Question of using cublassgemm() for matrix mulitiplication

I tried to use cublassgemm() to do matrix multiplication using sample code provided in CUDA SDK package. It specifies the number of threads per block and number of block per grid by the following code:

// setup execution parameters
dim3 threads(block_size, block_size);  //block_size=32
dim3 grid(matrix_size.uiWC / threads.x, matrix_size.uiHC / threads.y); 

However, when I changed the size of both threads and grids(such as there is only one thread per block and only one block in the grid), its run time didn’t really change a lot(I tried large size matrix). I would like to know could I really can control how many blocks and threads I can use when using cublassgemm()?

CUBLAS API calls make their own decisions as to which kernel(s) to launch and how to configure those kernels. This is based on heuristics and should be close to optimal, modulo specific bugs that could exist. There is nothing for the user to configure in terms of runtime configuration: CUBLAS functions are a convenient black box.
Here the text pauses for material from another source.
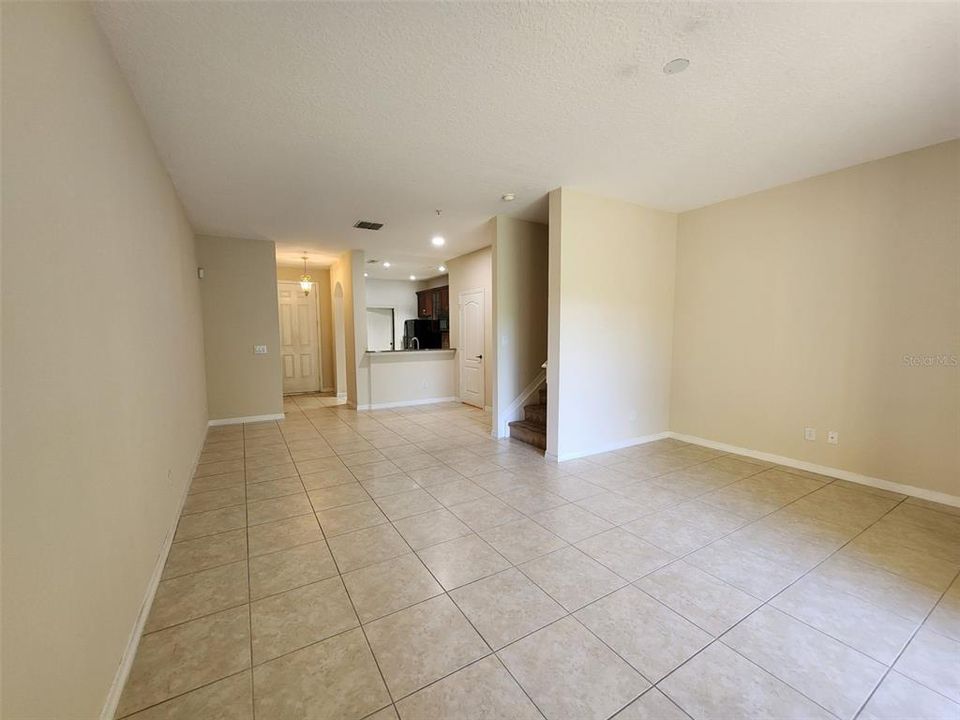 For Rent: $2,494 (3 beds, 2 baths, 1623 Square Feet)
Thank you very much for your reply. The reason I ask this question is that CUDA sample do scheduling the number of threads and blocks and I thought it is a right way to it.

Which CUDA sample are you looking at? When you write your own CUDA kernels for matrix computation, you will have to decide on a launch configuration of course. But if you use a pre-packaged library such as CUBLAS, CUFFT, CUDNN, NPP, etc that work has been done for you.